おらしょ こころ旅

Vol.427

秋空を見上げるとき

2022年10月10日 公開

1010日は「スポーツの日」。

この日は1966年から1999年まで「体育の日」として親しまれていましたが、法律の改正によって2020年から「スポーツの日」と名称が変更になりました。

振り返ってみればこの日は晴れの日が多く、あちこちで運動会が行われていました。私が通っていた小学校の運動会もたしかこの時期だったと思います。

足が速いわけでもなく、クラス対抗リレーの選手に選ばれているわけでもないのになぜか興奮して寝付けなかった運動会の前日。
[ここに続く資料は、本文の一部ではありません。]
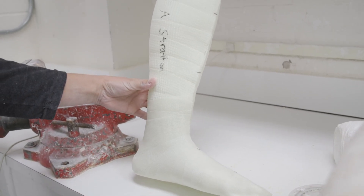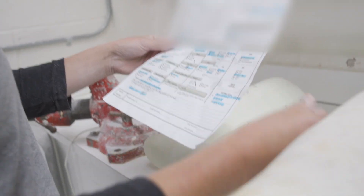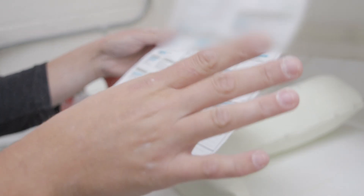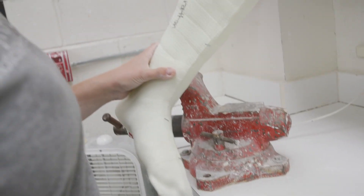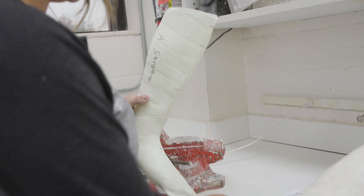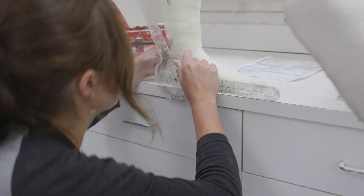So we first get a cast that's going to look like this. We're also going to get a worksheet that looks like this. First things first, you review all of the information to make sure it's correct and you understand it. The first thing we look at is what degree they want the ankle in — sometimes it's neutral — and you can know that degree by checking it here.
新調してもらったはだし足袋(たび)、色鮮やかな入場門、運動場に引かれた白線、青空に舞う万国旗、スタートの号砲・・・。そんな映像が歓声に包まれた運動場の風景とともに脳裏に浮かんできます。

全校生徒が、父兄が、近所の人々が一緒になって熱狂し、季節を謳歌している。そんな瞬間がとても好きでした。
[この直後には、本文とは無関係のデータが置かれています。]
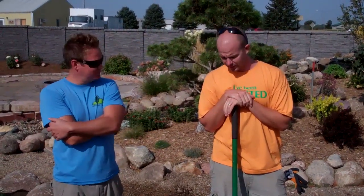Hey, this is Justin and Ryan from Ground Effects, and we're going to show you how to properly plant a plant along with applying Myke's and root stimulators. We have a lot of questions on this, and we figured we'd make a video.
以前、このコラムでも紹介しましたが、小学校の校区にはカトリック信者の家が多く、学校のそばにはキリシタン墓碑が立ち並ぶ経の峰(きょうのみね)共同墓地がありました。

その後、引っ越して通い始めた中学校の近くにも赤城墓地や秘密教会跡、通学路の途中には帳方屋敷跡の如己堂(にょこどう)があり、自宅のそばには殉教者のお墓もありました。
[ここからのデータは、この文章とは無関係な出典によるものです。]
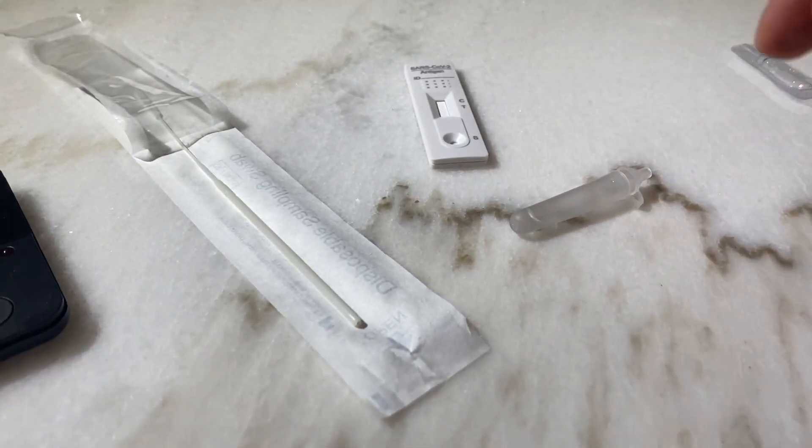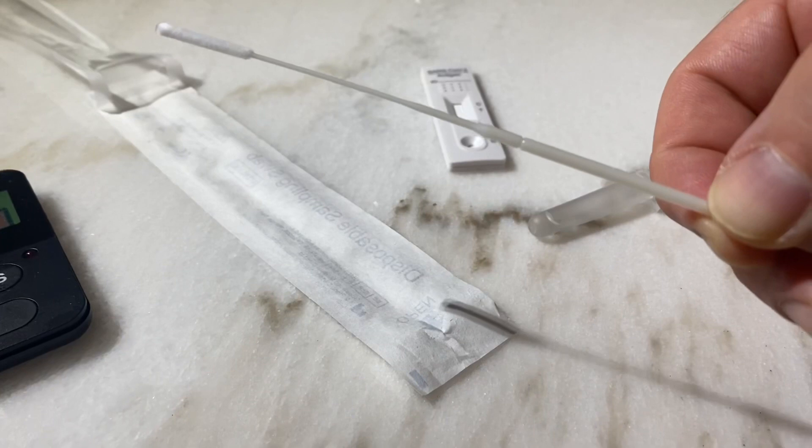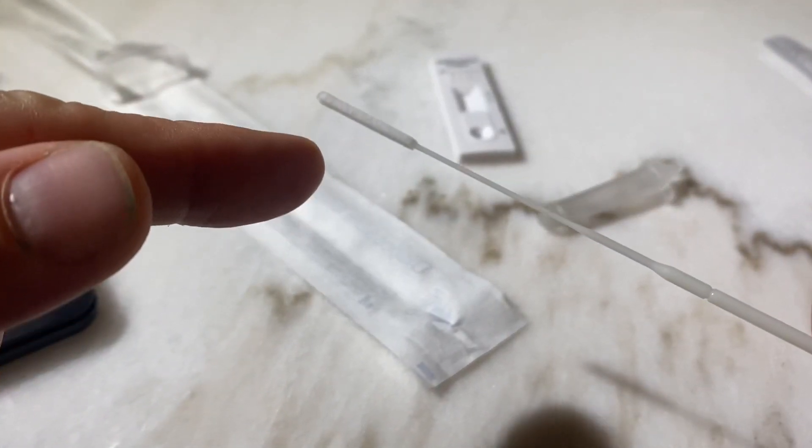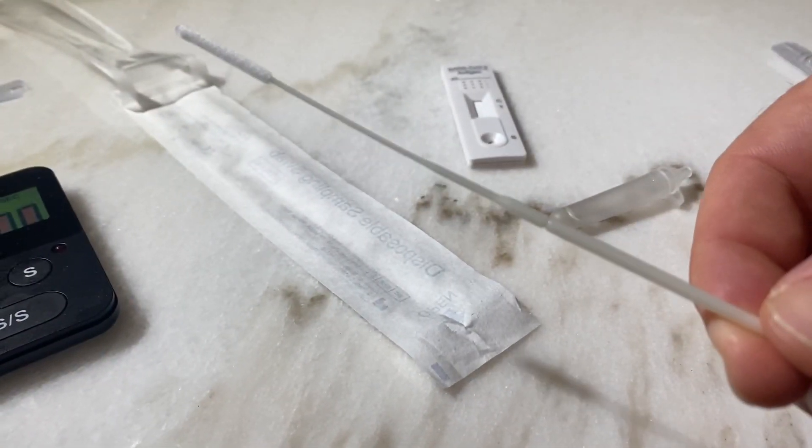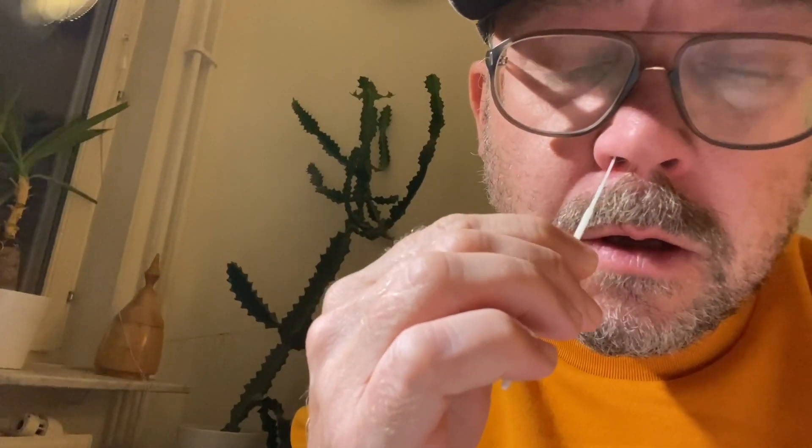Now I'll show you how to insert the cotton swab into your nose. This is the part that goes inside your nose — this is the cotton swab, this is the handle. We stick this into the nose: it's very unpleasant, but it should go in 2.5 centimeters. Then you roll it around inside, and then you switch to the other nostril and take the second side. Wow, that feels bad.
当時、何気なく通っていた場所が歴史的に価値のあるものだと知ったのは、世界遺産登録への取り組みが始まってからのことでしたが、それ以来、そんな場所に一人でふらりと出かけることも多くなりました。

徒競走で胸の高鳴りを感じながらスタートラインに立っていた少年時代と、それから数十年たった今がつながっている・・・。

澄み切った秋空を見上げるとき、そんな不思議な感覚をおぼえるのでした。